A felony is a type of criminal offense that is punishable by large fines and a prison sentence of longer than one year (usually served in a state prison as opposed to a county jail). Felonies are considered to be much more serious than misdemeanors or infractions, and often involve terrible acts.
In contrast, misdemeanors normally only result in one year or less of imprisonment (usually in a county jail) and lower fines than those associated with felony charges. Out of the three, infractions and/or citations result in the least amount of penalties and usually just require a small fine to be paid.
There are a broad range of crimes that fall under the definition of a felony offense. Some common examples of felonies include:
- Various degrees of homicide (e.g., first-degree murder and second-degree murder);
- Grand theft (like grand theft auto);
- Sexual assault;
- Drug crimes (e.g., selling, trafficking, or distributing);
- Property crimes (such as criminal damage to property);
- Some forms of domestic violence;
- Using a device to cheat while gambling or teaching others how to cheat;
- Serious cases of assault and battery;
- Involuntary servitude;
- Possession of a firearm or other kinds of illegal weaponry;
- Drunk driving charges that result in death or serious bodily injury to another;
- Kidnapping or human trafficking;
- Interference with custody or guardian rights; and
- Many kinds of white-collar crimes (e.g., receipt of stolen property).

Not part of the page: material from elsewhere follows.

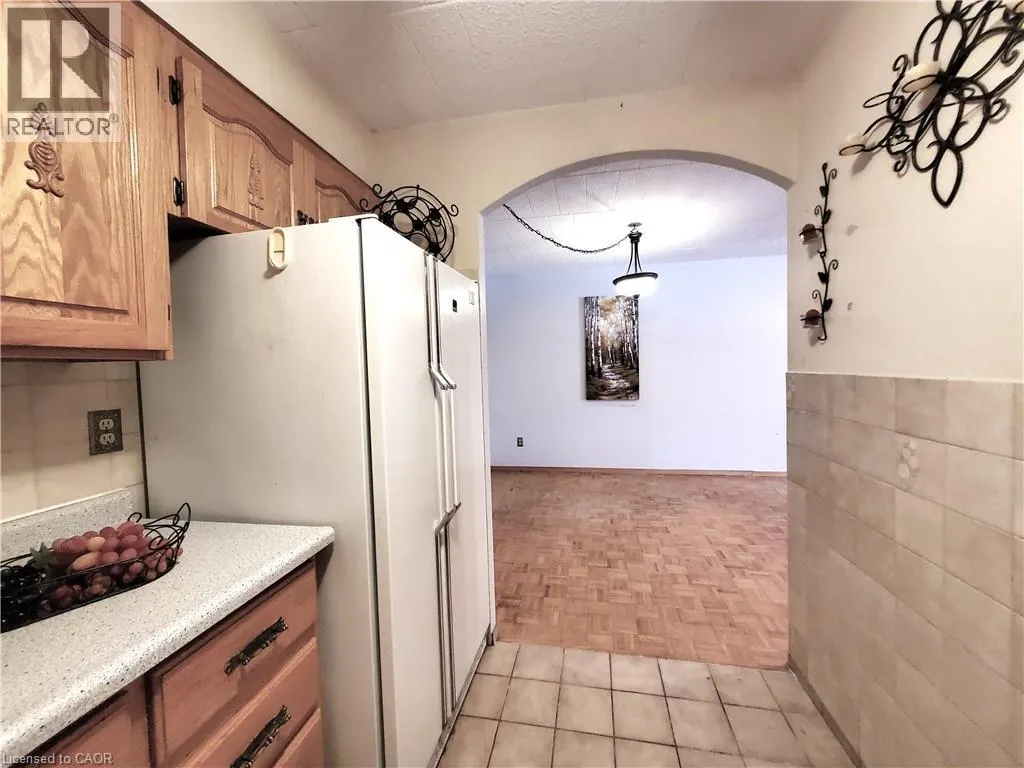 6 WALTON Avenue Unit# 104, #104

Although the term “felony” is usually associated with violent crimes, there are several crimes that are categorized as felonies, but are non-violent types of crimes (e.g., embezzlement).
Finally, while felony charges may sometimes be sealed or expunged from one’s criminal record, it is extremely difficult to do so and can take years before a person will be considered eligible to have it removed.

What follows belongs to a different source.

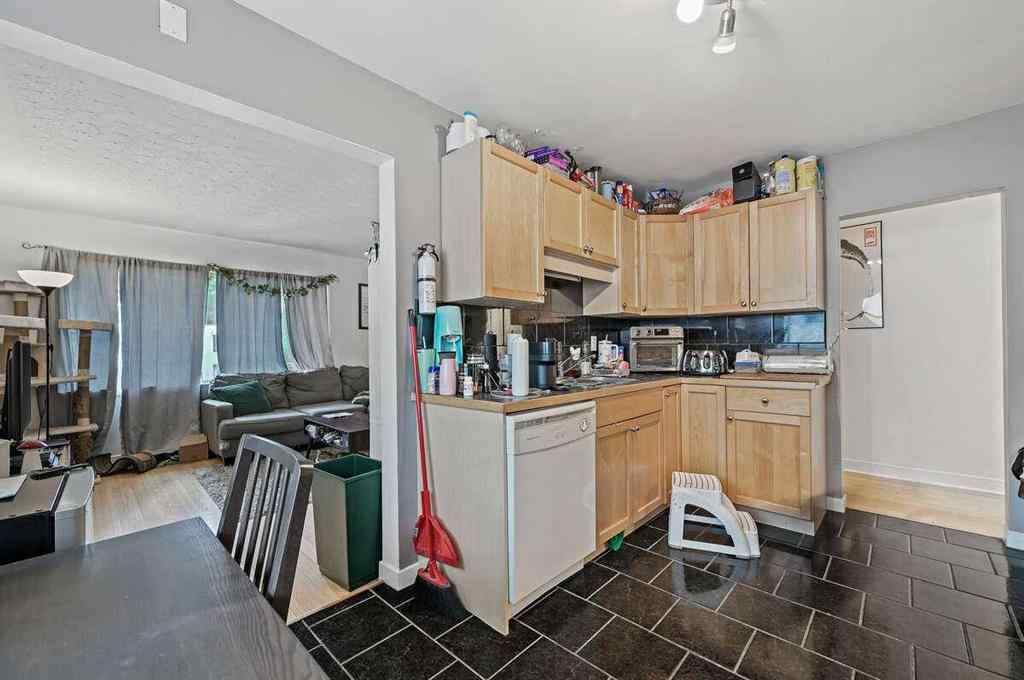 MLS® A2251364 - 2311 16 Street SW in Bankview Calgary, Multi-Family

What are Some Legal Penalties for Felony Charges?
As discussed above, the legal consequences for committing a felony can lead to a prison sentence that lasts longer than one year.
The number of years for being convicted of a felony can range on the relatively shorter end of anywhere from 5 to 25 years, or could last for an entire lifetime (e.g., a life sentence without parole).
Also, if certain factors are present either during the commission of the crime or as part of the case, then it could impact the amount of fines or length of imprisonment that the defendant receives.
For example, if this is not the first time that the defendant has committed a crime (i.e., a repeat offender), then their sentence may be longer than one given to a defendant who has no history of a criminal record. Multiple charges or aggravating factors can also cause an increase in penalties.
As for the criminal fines issued for a felony charge, they generally involve very high dollar amounts. In some cases, a defendant may be required to pay criminal retribution, which is payment for the losses caused to the victim.
Additionally, there are some states where a felony charge could result in the loss of certain rights, such as the right to own a firearm, the right to vote in an election, and the right to obtain custody of a child.
Are There Any Legal Defenses for Felonies?
There are some criminal defenses that a defendant may be able to use against a felony charge. For instance, self-defense is one of the most common types of criminal defenses used for cases involving felony assault and battery. Some other examples of felony defenses include:
- Involuntary intoxication;
- Improper police action, procedure, or entrapment;
- Mistake of fact or accident;
- Insufficient evidence;
- Adequate provocation;
- Insanity or diminished capacity; and
- Affirmative defenses (e.g., the suspect was not the person who committed the crime).
It is important to note that the facts of a case must support the defendant’s defense. In other words, the defendant cannot assert a defense that would not match up with what happened in the case or would not be available against the type of crime committed.
The defendant can demonstrate their defense is supported through physical means (such as documents or weapons); witness testimony; video, audio, or photographic files; and various other items of evidence.
Do I Need to Hire a Lawyer for Assistance with Felony Charges?
As previously mentioned, felony crimes will frequently lead to some very serious legal consequences. If you or your loved one is facing criminal charges for a felony offense, then you should strongly consider hiring a local criminal defense attorney as soon as possible.
An experienced criminal defense attorney will be able to guide you with valuable legal advice, can help you to prepare your case, and can provide representation on your behalf in court.
In addition, an attorney will also be able to determine whether there are any defenses available for your case and can make sure that your rights as a defendant are sufficiently protected.